Excerpted records =>
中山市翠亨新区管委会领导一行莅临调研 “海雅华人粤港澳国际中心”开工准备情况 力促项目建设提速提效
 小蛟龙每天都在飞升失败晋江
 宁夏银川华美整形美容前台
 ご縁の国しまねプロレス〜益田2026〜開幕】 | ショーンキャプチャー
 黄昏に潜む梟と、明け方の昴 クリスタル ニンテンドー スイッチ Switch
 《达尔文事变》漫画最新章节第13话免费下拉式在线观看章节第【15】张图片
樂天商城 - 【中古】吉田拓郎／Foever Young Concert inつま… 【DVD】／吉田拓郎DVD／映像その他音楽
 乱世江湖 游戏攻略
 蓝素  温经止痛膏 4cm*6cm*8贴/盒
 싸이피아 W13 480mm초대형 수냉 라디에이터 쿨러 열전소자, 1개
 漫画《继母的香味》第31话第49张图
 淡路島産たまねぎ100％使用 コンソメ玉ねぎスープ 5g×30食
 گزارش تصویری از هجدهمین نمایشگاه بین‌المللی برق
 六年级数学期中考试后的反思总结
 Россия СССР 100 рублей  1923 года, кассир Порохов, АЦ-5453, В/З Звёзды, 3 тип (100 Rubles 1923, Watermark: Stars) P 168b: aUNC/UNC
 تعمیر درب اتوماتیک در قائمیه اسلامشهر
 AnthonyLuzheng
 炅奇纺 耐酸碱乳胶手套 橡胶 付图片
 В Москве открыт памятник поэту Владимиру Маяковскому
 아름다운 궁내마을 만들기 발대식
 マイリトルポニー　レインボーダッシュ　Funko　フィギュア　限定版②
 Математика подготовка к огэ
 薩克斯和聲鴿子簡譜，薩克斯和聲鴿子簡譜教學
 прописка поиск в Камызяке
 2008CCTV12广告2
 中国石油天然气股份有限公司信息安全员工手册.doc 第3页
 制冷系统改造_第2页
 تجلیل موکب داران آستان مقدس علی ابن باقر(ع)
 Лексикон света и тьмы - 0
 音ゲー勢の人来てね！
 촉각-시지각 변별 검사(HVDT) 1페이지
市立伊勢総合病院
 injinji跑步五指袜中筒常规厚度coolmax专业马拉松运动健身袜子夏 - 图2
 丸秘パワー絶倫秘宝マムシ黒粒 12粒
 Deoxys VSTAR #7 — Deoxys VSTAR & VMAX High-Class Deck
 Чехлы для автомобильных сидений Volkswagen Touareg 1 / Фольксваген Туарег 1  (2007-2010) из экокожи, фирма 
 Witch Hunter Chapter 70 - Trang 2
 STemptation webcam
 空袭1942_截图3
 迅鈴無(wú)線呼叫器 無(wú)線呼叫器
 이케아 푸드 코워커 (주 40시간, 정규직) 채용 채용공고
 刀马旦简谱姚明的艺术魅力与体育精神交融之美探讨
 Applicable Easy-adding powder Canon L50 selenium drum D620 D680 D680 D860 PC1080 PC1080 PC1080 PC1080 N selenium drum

Goal of the exercise =>
Lines from the one with "樂天商城 - 【中古】吉田拓郎／Foever" through the end of the data: set these down exactly, including both ends and nothing more.

Result for this exercise =>
樂天商城 - 【中古】吉田拓郎／Foever Young Concert inつま… 【DVD】／吉田拓郎DVD／映像その他音楽
 乱世江湖 游戏攻略
 蓝素  温经止痛膏 4cm*6cm*8贴/盒
 싸이피아 W13 480mm초대형 수냉 라디에이터 쿨러 열전소자, 1개
 漫画《继母的香味》第31话第49张图
 淡路島産たまねぎ100％使用 コンソメ玉ねぎスープ 5g×30食
 گزارش تصویری از هجدهمین نمایشگاه بین‌المللی برق
 六年级数学期中考试后的反思总结
 Россия СССР 100 рублей  1923 года, кассир Порохов, АЦ-5453, В/З Звёзды, 3 тип (100 Rubles 1923, Watermark: Stars) P 168b: aUNC/UNC
 تعمیر درب اتوماتیک در قائمیه اسلامشهر
 AnthonyLuzheng
 炅奇纺 耐酸碱乳胶手套 橡胶 付图片
 В Москве открыт памятник поэту Владимиру Маяковскому
 아름다운 궁내마을 만들기 발대식
 マイリトルポニー　レインボーダッシュ　Funko　フィギュア　限定版②
 Математика подготовка к огэ
 薩克斯和聲鴿子簡譜，薩克斯和聲鴿子簡譜教學
 прописка поиск в Камызяке
 2008CCTV12广告2
 中国石油天然气股份有限公司信息安全员工手册.doc 第3页
 制冷系统改造_第2页
 تجلیل موکب داران آستان مقدس علی ابن باقر(ع)
 Лексикон света и тьмы - 0
 音ゲー勢の人来てね！
 촉각-시지각 변별 검사(HVDT) 1페이지
市立伊勢総合病院
 injinji跑步五指袜中筒常规厚度coolmax专业马拉松运动健身袜子夏 - 图2
 丸秘パワー絶倫秘宝マムシ黒粒 12粒
 Deoxys VSTAR #7 — Deoxys VSTAR & VMAX High-Class Deck
 Чехлы для автомобильных сидений Volkswagen Touareg 1 / Фольксваген Туарег 1  (2007-2010) из экокожи, фирма 
 Witch Hunter Chapter 70 - Trang 2
 STemptation webcam
 空袭1942_截图3
 迅鈴無(wú)線呼叫器 無(wú)線呼叫器
 이케아 푸드 코워커 (주 40시간, 정규직) 채용 채용공고
 刀马旦简谱姚明的艺术魅力与体育精神交融之美探讨
 Applicable Easy-adding powder Canon L50 selenium drum D620 D680 D680 D860 PC1080 PC1080 PC1080 PC1080 N selenium drum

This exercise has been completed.